» ABOUT THIS TASK:
Among the lines of the listing below, retype exactly those from the one containing "Load image into" through the one containing "Collage of text", both included. Do not include pictures.

» RECORDS FOR THIS EXERCISE:
--- --- ---

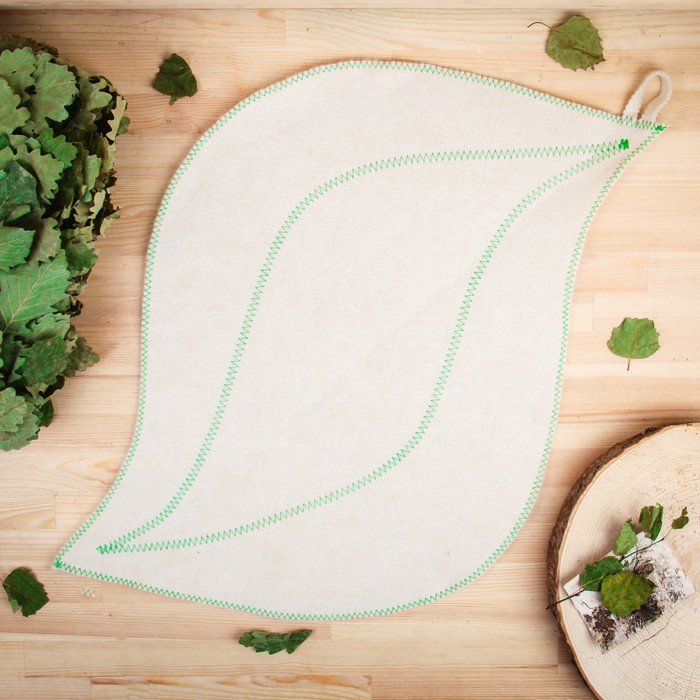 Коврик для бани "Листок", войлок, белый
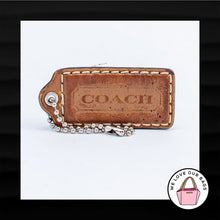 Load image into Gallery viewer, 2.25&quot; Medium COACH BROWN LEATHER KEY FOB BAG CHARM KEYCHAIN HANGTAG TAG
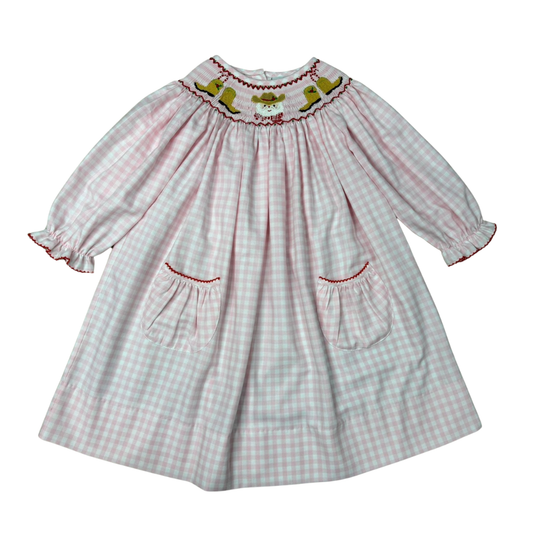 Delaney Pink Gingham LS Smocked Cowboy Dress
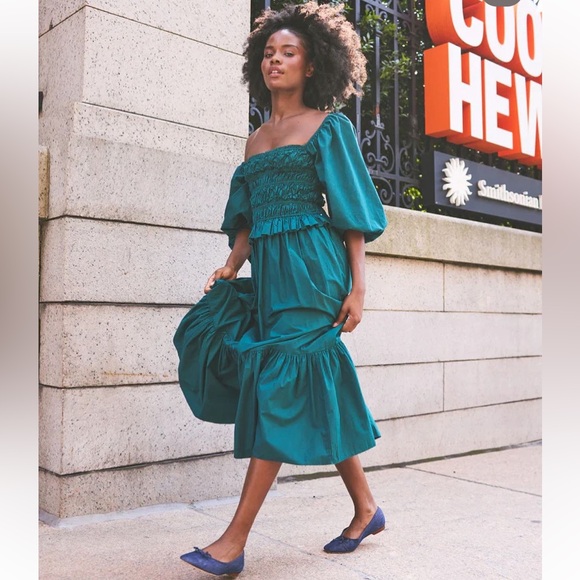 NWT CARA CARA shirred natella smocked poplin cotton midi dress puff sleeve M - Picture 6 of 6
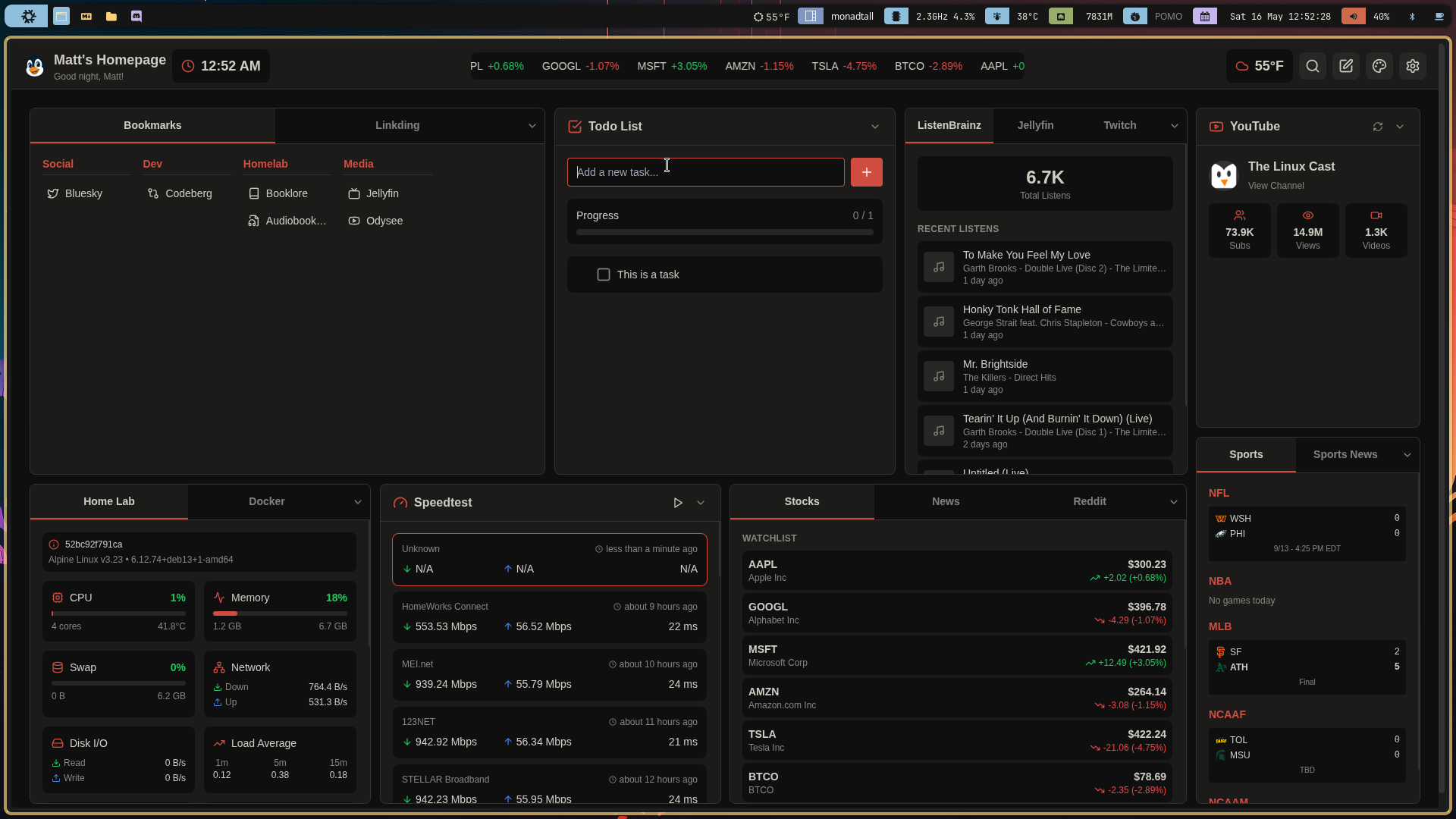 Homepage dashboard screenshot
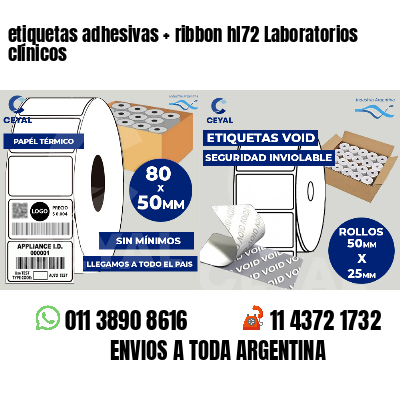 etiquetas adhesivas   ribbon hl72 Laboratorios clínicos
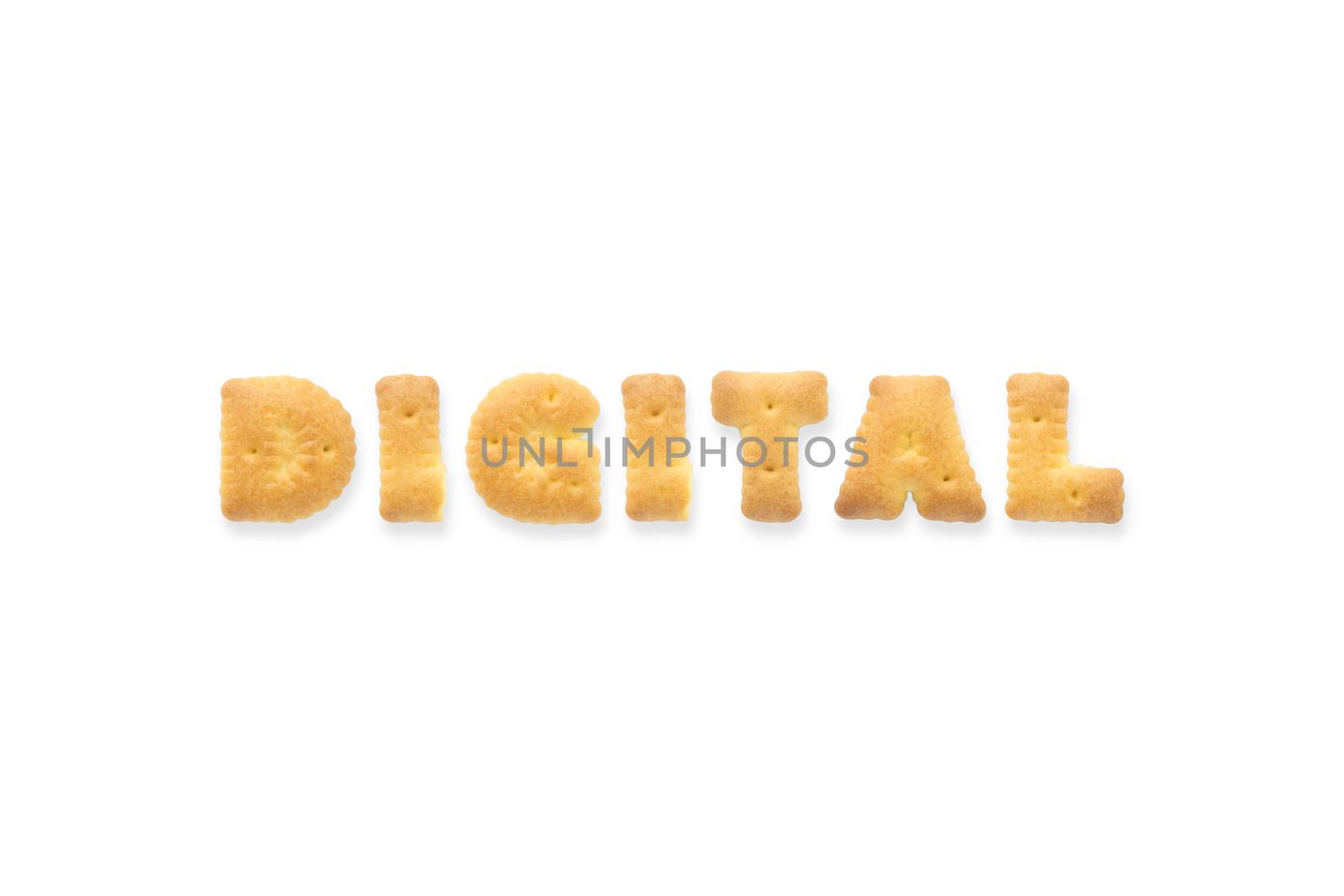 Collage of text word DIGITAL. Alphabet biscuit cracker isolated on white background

--- --- ---

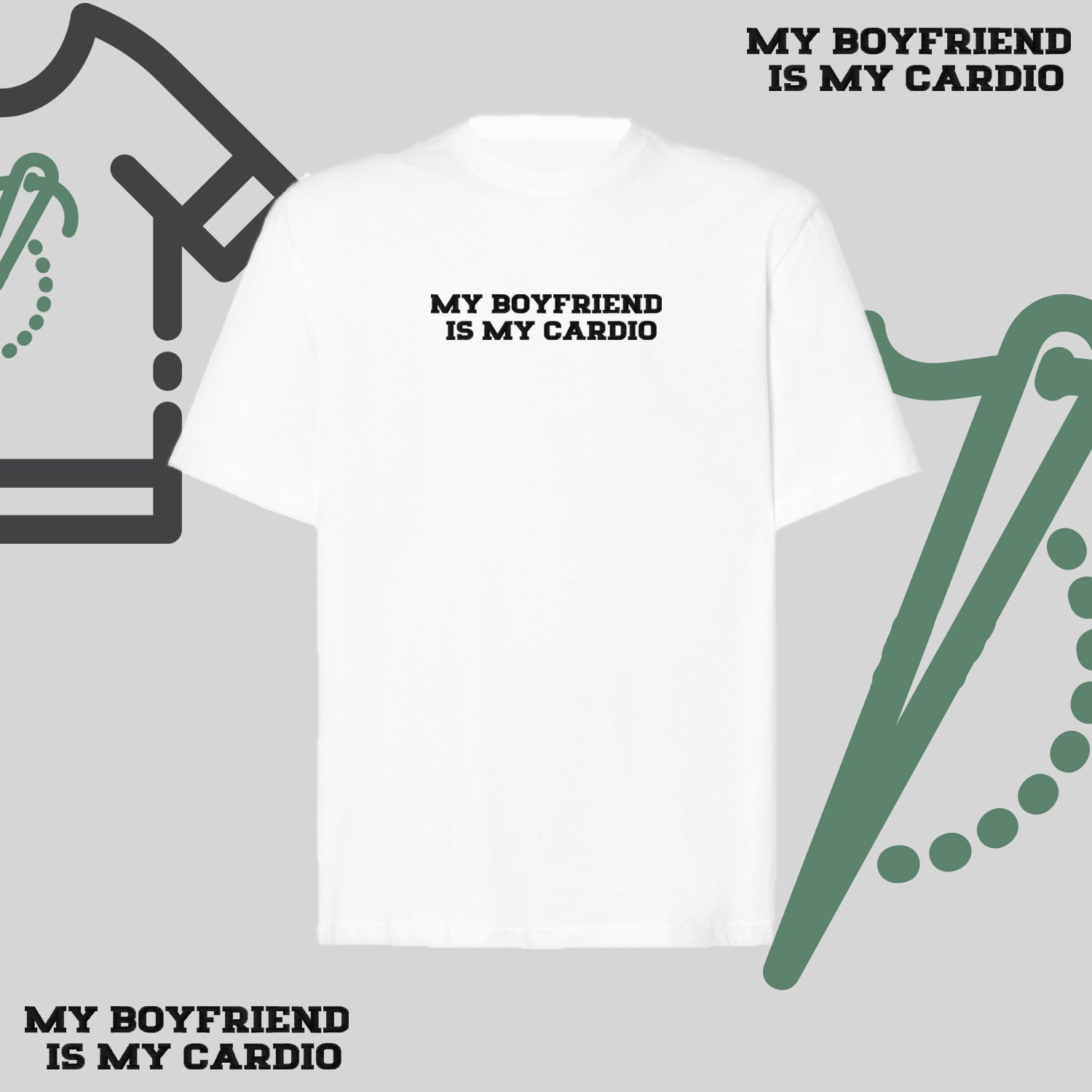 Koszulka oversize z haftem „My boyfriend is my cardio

--- --- ---

» WRITTEN REPLY:
 Load image into Gallery viewer, 2.25&quot; Medium COACH BROWN LEATHER KEY FOB BAG CHARM KEYCHAIN HANGTAG TAG
 Delaney Pink Gingham LS Smocked Cowboy Dress
 NWT CARA CARA shirred natella smocked poplin cotton midi dress puff sleeve M - Picture 6 of 6
 Homepage dashboard screenshot
 etiquetas adhesivas   ribbon hl72 Laboratorios clínicos
 Collage of text word DIGITAL. Alphabet biscuit cracker isolated on white background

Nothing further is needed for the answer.